Open Compute Global Summit
This year, the annual global Open Compute Project Summit took place in San José (CA) from October 18-20. We were there ourselves and want to share some of our impressions here.

What is the OCP Global Summit?

The Open Compute Project Foundation has been around for twelve years. The Open Compute Project (OCP) Summit is the largest gathering of Open Compute evangelists and is held twice a year - the OCP Regional Summit is held in Europe in the spring and focuses specifically on challenges and solutions in that region, while the OCP Global Summit is held annually in San Jose, California in the fall. At the Global Summit, OCP Foundation members present the latest developments and innovative projects. Central themes of this year's Global Summit had been sustainability, tighter integration of hardware and software, and accelerating systems.

As a preliminary conclusion, it can be said that the Open Compute Project and its community continue to be on the upswing - there were over 3500 attendees on site, making it the largest summit to date. The OCP community now has about 300 members and over 5,000 active participants. The Open Compute market grew 12.5 percent to $18 billion in 2021 - slowed somewhat by COVID-19. The market size is forecast to reach $36 billion in 2026.

Interesting numbers about the OCP Foundation were announced by its CEO, George Tchaparian, in his keynote speech. Since the publication of the building requirements for OCP-compatible colocation ("Colocation Facility Guidelines for Deployment of Open Racks") in 2020, eight co-location sites have been certified. In addition, there are now 11 "OCP Experience Centers." Here, partner members present or demonstrate their application path for other OCP interested parties through their own show cases. All OCP Experience Centers are currently located in the EMEA region. Six more are planned internationally. 

Several keynotes at the Summit emphasized that. the days of Moore's Law and the illusion of infinite growth are numbered be. Reminder:

Moore's Law states that the number of transistors that can fit into an integrated circuit of a fixed size doubles approximately every 2 years.

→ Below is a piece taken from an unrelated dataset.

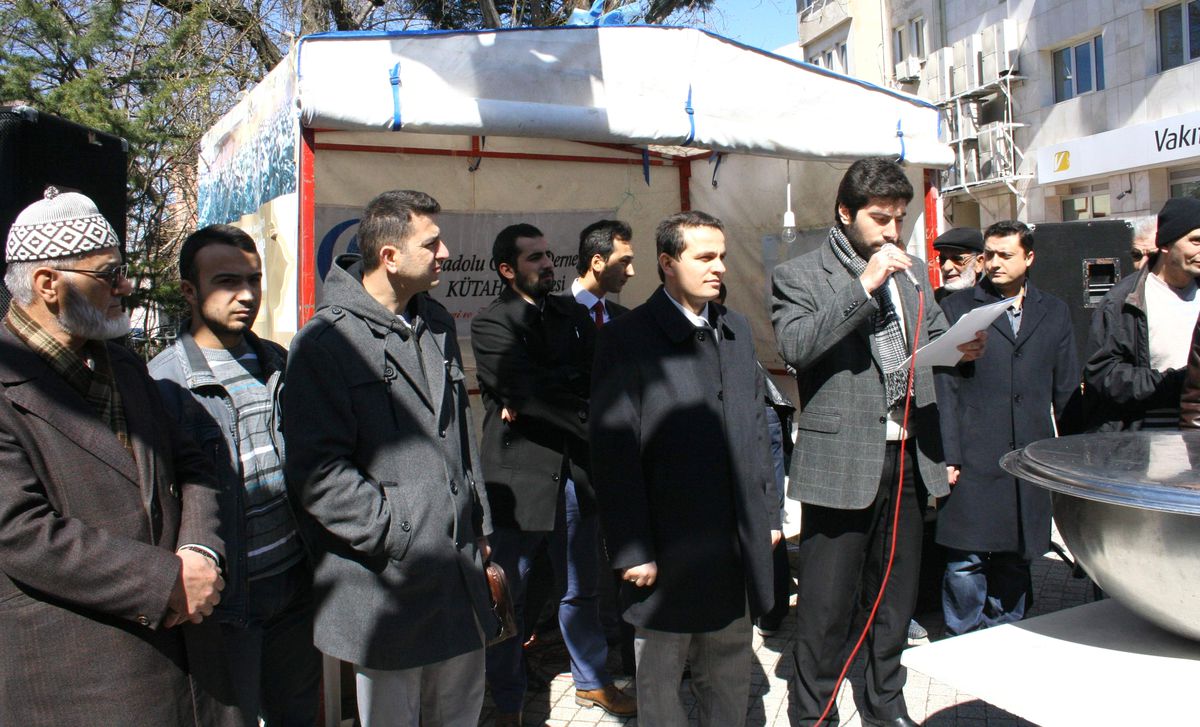 Anadolu Gençlik Derneği\'nden \'Her Şehide Bir Hatim\'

However, Moore's Law is not a law of nature. In the future, the further growth of data centers and the volumes of data processed there is likely to depend not only on new, increasingly inexpensive technologies, but also heavily on the speed of innovation in the area of software to accelerate and increase efficiency and a decoupling from resource scarcity through circular loops for IT infrastructure. 

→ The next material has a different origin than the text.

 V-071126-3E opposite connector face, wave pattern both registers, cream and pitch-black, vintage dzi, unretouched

Sustainability is now 5th principle of OCP

Sustainability will become the new, overarching fifth principle for the OCP Foundation, alongside the four previous principles of efficiency, impact (importance for the development of the industry), openness and scalability. To this end, annual reports and a roadmap, as well as new projects, will be included in the work of the Open Compute Community.

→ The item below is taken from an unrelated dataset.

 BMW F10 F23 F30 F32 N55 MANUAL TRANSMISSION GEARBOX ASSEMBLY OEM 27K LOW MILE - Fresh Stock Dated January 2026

The OCP Foundation has launched a series of sustainability projects that are being advanced in an integrated manner in eleven existing projects, such as in the area of servers, cooling systems, data center facility management. For example, the "Cooling" project is conducting intensive research into the causes of and solutions for low adoption of immersion cooling, cold plates and waste heat recovery in the data center. Liquid or immersion cooling can achieve significantly lower power usage effectiveness values (PUEs) of 1.05. This means that only 5 percent energy needs to be applied to the supporting IT infrastructure because a large part of the infrastructure overhead, such as energy-intensive fans, is eliminated. With air cooling, only PUE values of 1.2-1.3 can be achieved in the best case. Another advantage is that, ironically, water consumption is also significantly lower with immersion or water cooling compared to conventional air-water cycles, which could be decisive especially with increasing water scarcity.

"Hardware Aware Software" - The Fusion of Hardware and Software

Another significant development within the Open Compute world are new cooperation projects between OCP and the Linux Foundation. The cooperation of hardware and software development serves on the one hand to improve the resilience of running systems. However, "Hardware Aware Software" also enables enormous efficiency gains and thus sustainability improvements for optimized use of existing compute, memory and networking resources, as well as workload acceleration. Compute-intensive technologies such as machine learning (ML) and artificial intelligence (AI), but also efficient data encryption and compression, which are currently still held back by limits in the area of RAM and network capacity, would thus be better supported in the future. Open Compute could thus become the standard for many future technologies.

The modern data center of today

The OCP Summit 2022 provides a clear vision of what modern data centers will look like in the future and, in some cases, already look like today:

  • Modular: OCP is leading the development of the DC-MHS (Data Center Modular Hardware System) standard. Members such as Dell, Intel, Google, Meta, HP, Microsoft and AMD are collaborating on a standard for a building block system of hardware components that enable a circular raw material cycle and better scalability.
  • Sustainable: OCP servers save energy and are built in a resource-saving way due to a reduced design. Furthermore, there are many integrated approaches for better cooling, such as the immersion cooling mentioned above.
  • Resilient: Improved integration of hardware and software and the further development of the Software Defined Datacenter reduce vulnerability to disruptions and increasing attacks on system-relevant infrastructures.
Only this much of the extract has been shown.